Fenomenologia histórica do racismo
Durante anos, a posição mais anti-racista era de cariz religioso, sobretudo cristão: se “Deus criou o Homem (todos os humanos) à sua imagem e semelhança”, as posições racistas, por porem em causa essa essencial equidade ontológica entre todos os humanos, só poderiam ser lidas como anti-cristãs.
Imagine que era um oficial romano que, há cerca de vinte séculos, chegou à Península Ibérica. A sua impressão não terá sido decerto a melhor – só encontrou povos bárbaros, analfabetos, sem hábitos de higiene, de civismo, sem Direito. Daí o célebre dito: “povos que não se governam nem se deixam governar”.
Imagine agora que era um navegante português que, há cerca de cinco séculos, acostou na África subsariana. A sua impressão não terá sido decerto melhor do que a anterior – só encontrou igualmente povos bárbaros, analfabetos, sem hábitos de higiene, de civismo, sem Direito. Sendo que agora, para acentuar a diferença, até o tom de pele era bem mais contrastante. Se lhe perguntassem se seriam humanos, talvez até hesitasse numa resposta afirmativa.
Não admira pois que, durante séculos, até as mais luminosas mentes da Europa, como Hume ou Kant, tivessem assumido posições racistas. A sua percepção de pessoas “negras” era, de facto, a de indivíduos bárbaros, analfabetos, sem hábitos de higiene, de civismo, sem Direito. De indivíduos que, pela sua condição, poderiam perfeitamente ser escravizados, como muitos outros indivíduos, de pele mais clara, o tinham sido (recorde-se que a origem etimológica do termo “escravo” remete para “eslavo”).
Essa foi, de facto, a experiência mais comum durante séculos. Daí, por mais que isso hoje nos choque, a naturalidade histórica das posições racistas.
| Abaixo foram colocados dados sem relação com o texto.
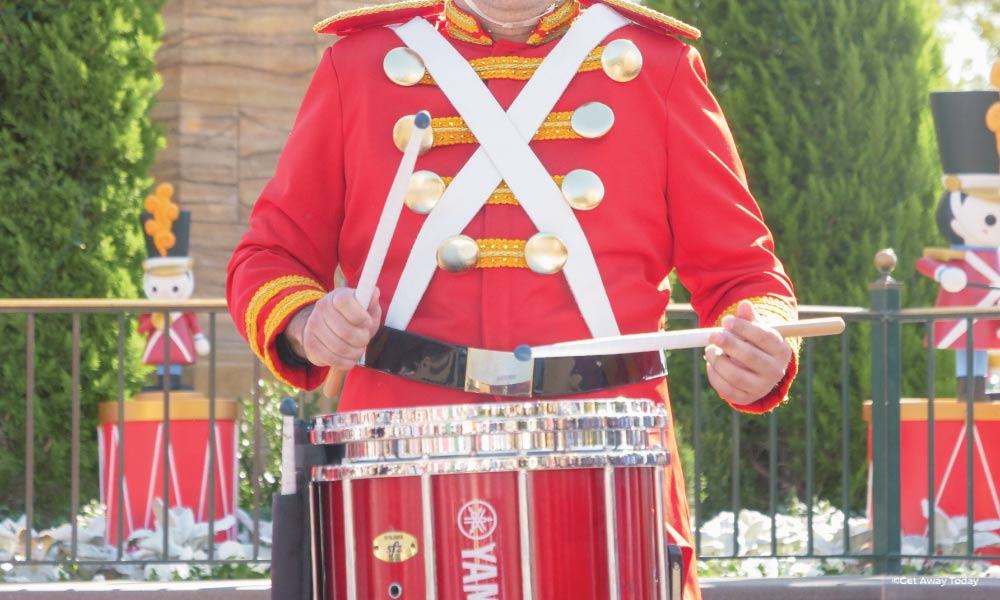 Dummer dressed as a toy solider - close up on drum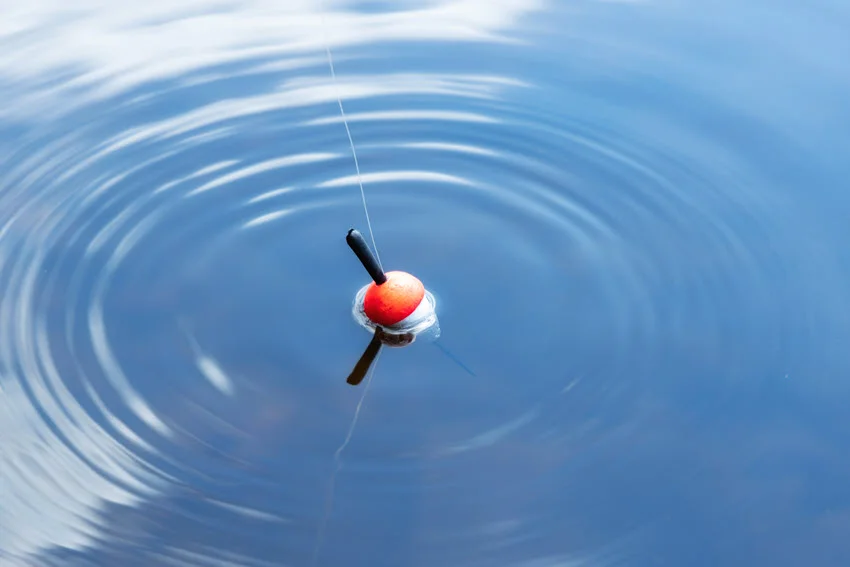 An aerial view of a red topwater lure resting on the surface of the ocean, with gentle ripples surrounding it.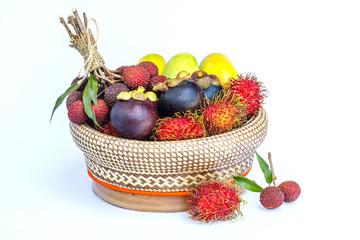 Rambutan, mango, mangosteen, lychee in bamboo basket   isolated on white background.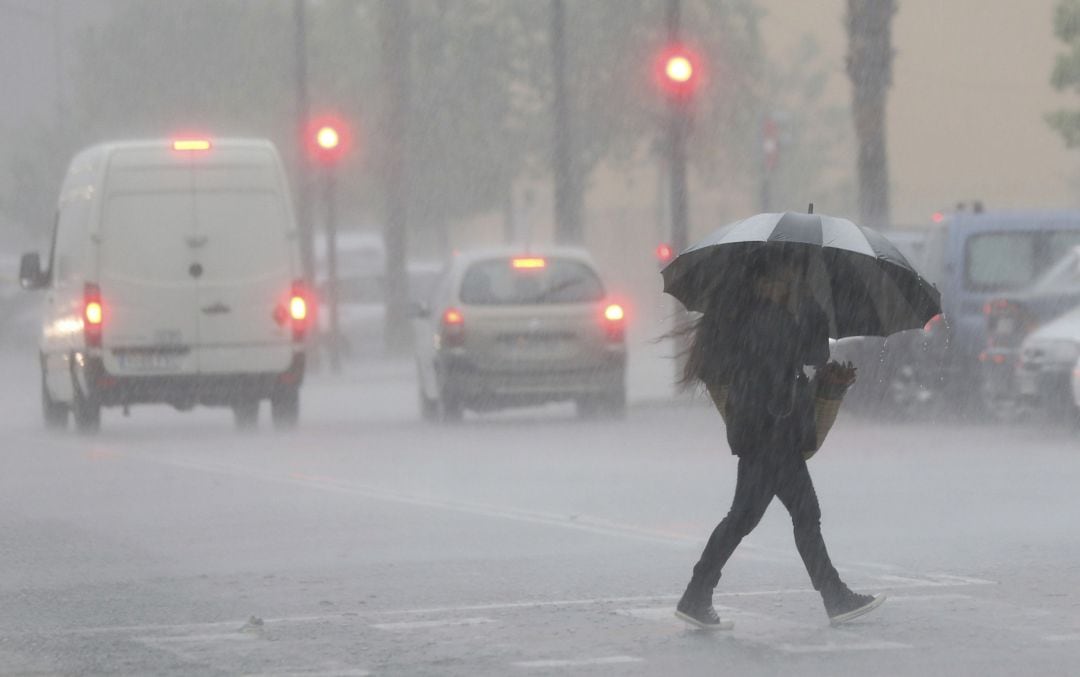 Una persona cruza la calle en un día de lluvia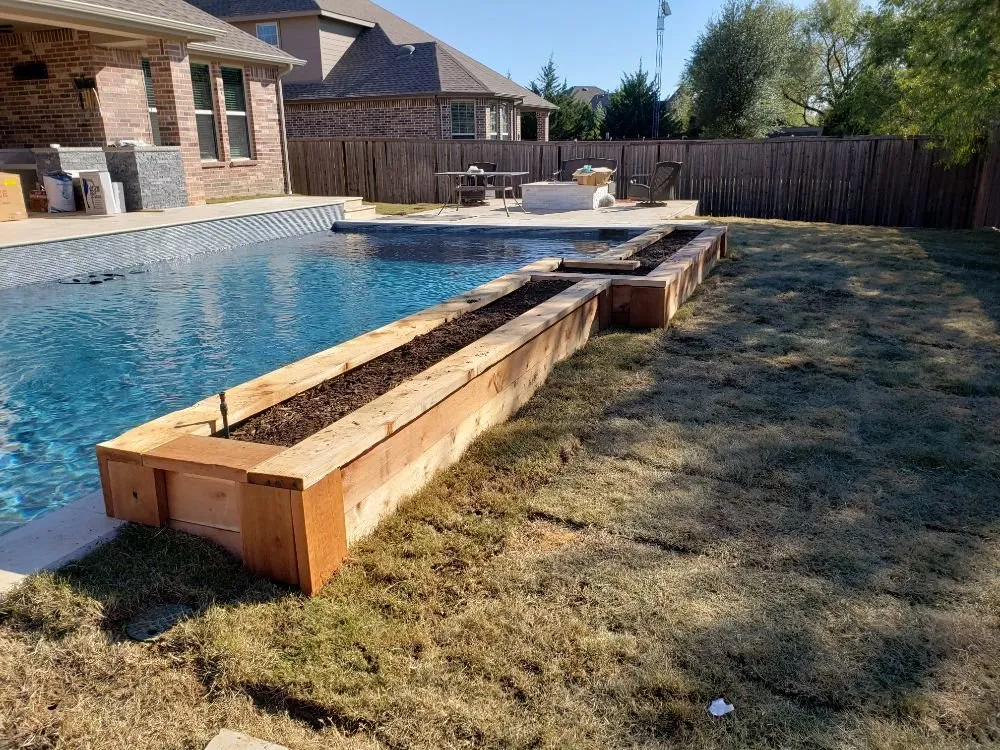 Custom garden landscaping with custom design in Bixby, OK by Outdoor Orchestrators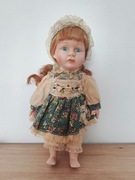 Lalka porcelanowa wys 29,5 Dziewczynka z opaską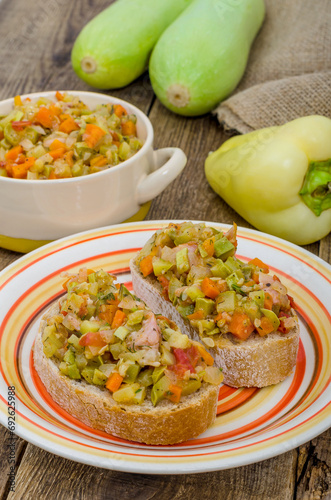Sandwiches with fresh vegetable stew on the kitchen table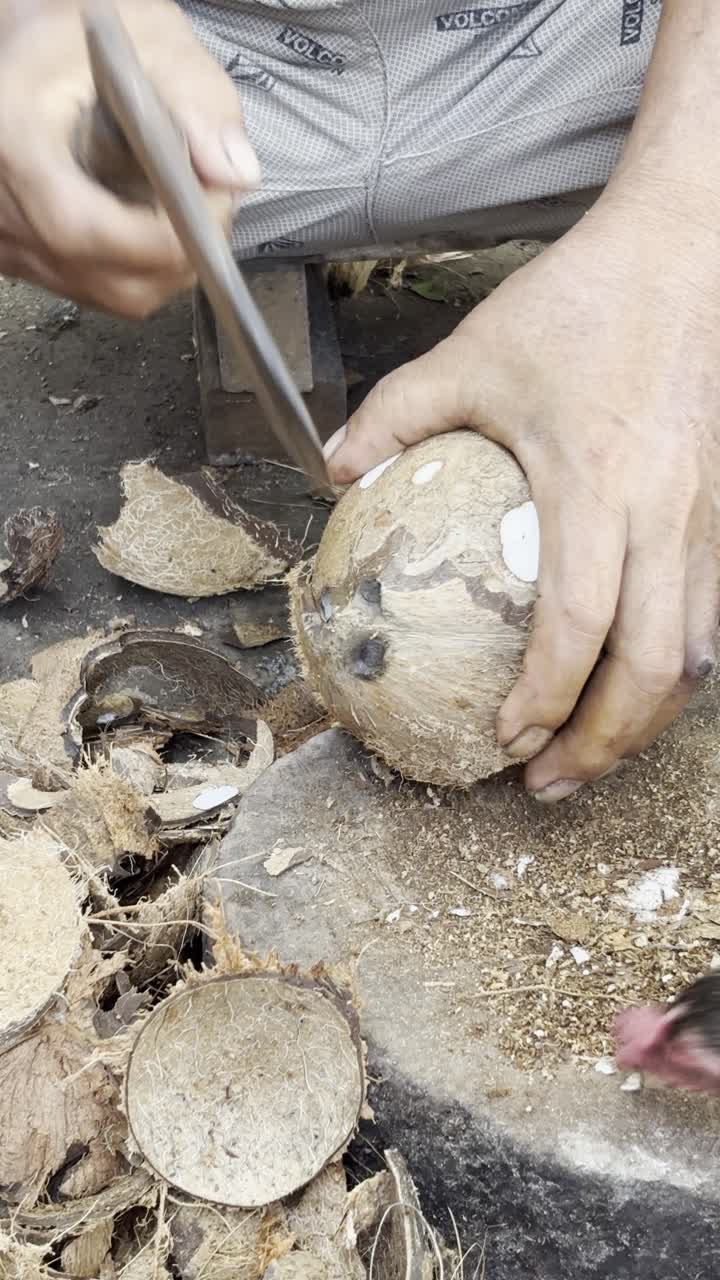 Detail rukou loupajících čerstvý kokos nožem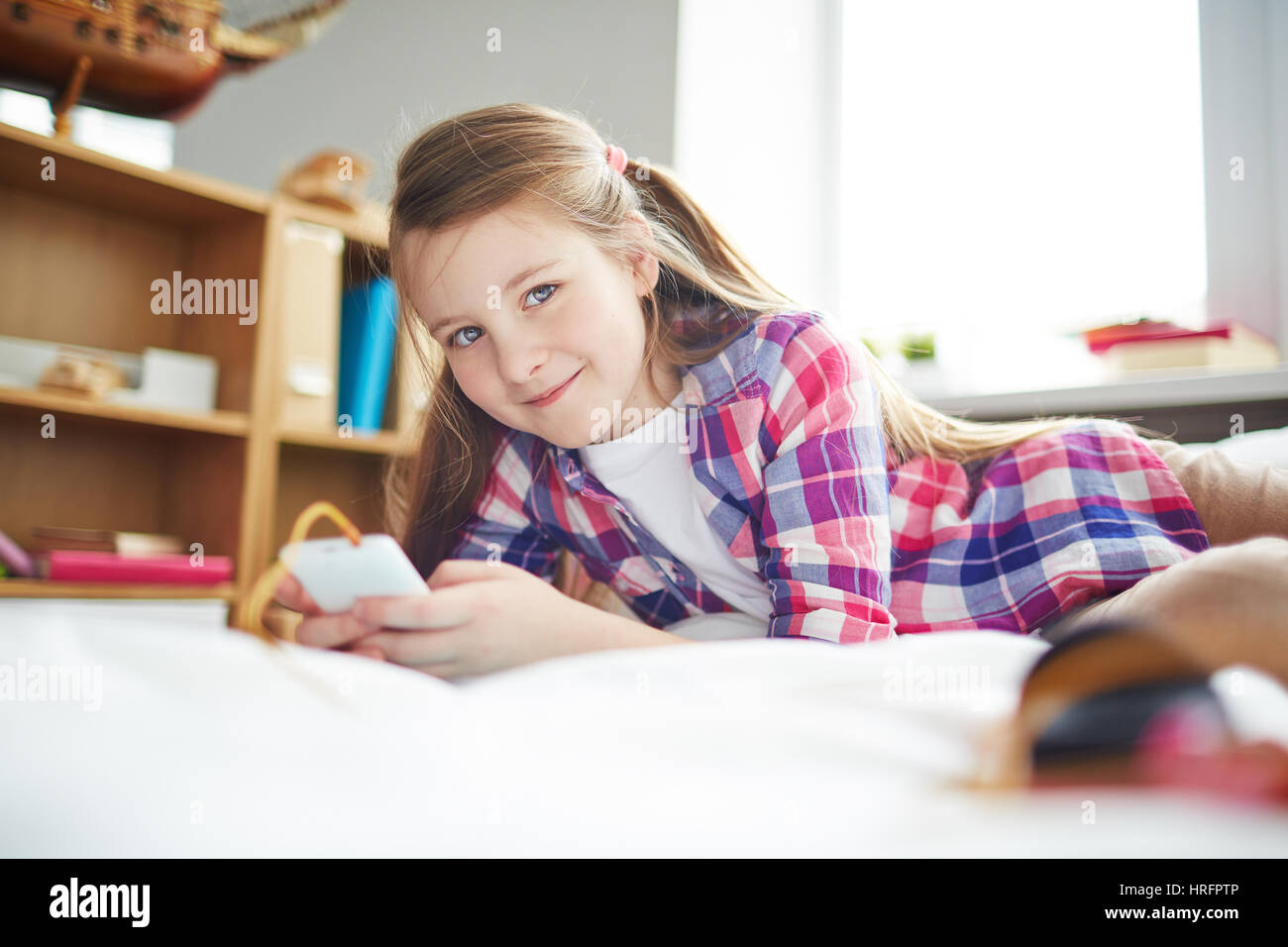 Close-up portrait of pretty little Girl with ponytails lying on bed, holding smartphone and smiling at camera gaiement Banque D'Images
Dada essa experiência comum, era muito mais natural ser racista do que não racista. Aliás, por esses anos, a posição mais anti-racista era de cariz religioso, sobretudo cristão – à luz do cristianismo, com efeito, “Deus criou o Homem (todos os humanos) à sua imagem e semelhança”. As posições racistas, por porem em causa essa essencial equidade ontológica entre todos os humanos, só poderiam ser lidas como anti-cristãs. Por isso, não admira que as vozes mais anti-racistas na época tenham sido as vozes da Igreja, como a do nosso Padre António Vieira.
Não foi também por acaso que a ciência de base darwinista, tendo abandonado as premissas cristãs de um Deus único criador, não abandonou, ainda hoje, a tese de uma raiz única da humanidade – não pondo assim em causa essa essencial equidade ontológica entre todos os humanos. Obviamente, tudo isso hoje nos parece demasiado anacrónico e ultrapassado. Sobretudo para quem, como nós, faz parte de uma cultura histórica que, pela sua experiência acrescida, não se reteve nas primeiras impressões, podendo assim chegar a esta conclusão: “ser racista, no nosso caso, não seria apenas estúpido; seria também anti-lusófono”.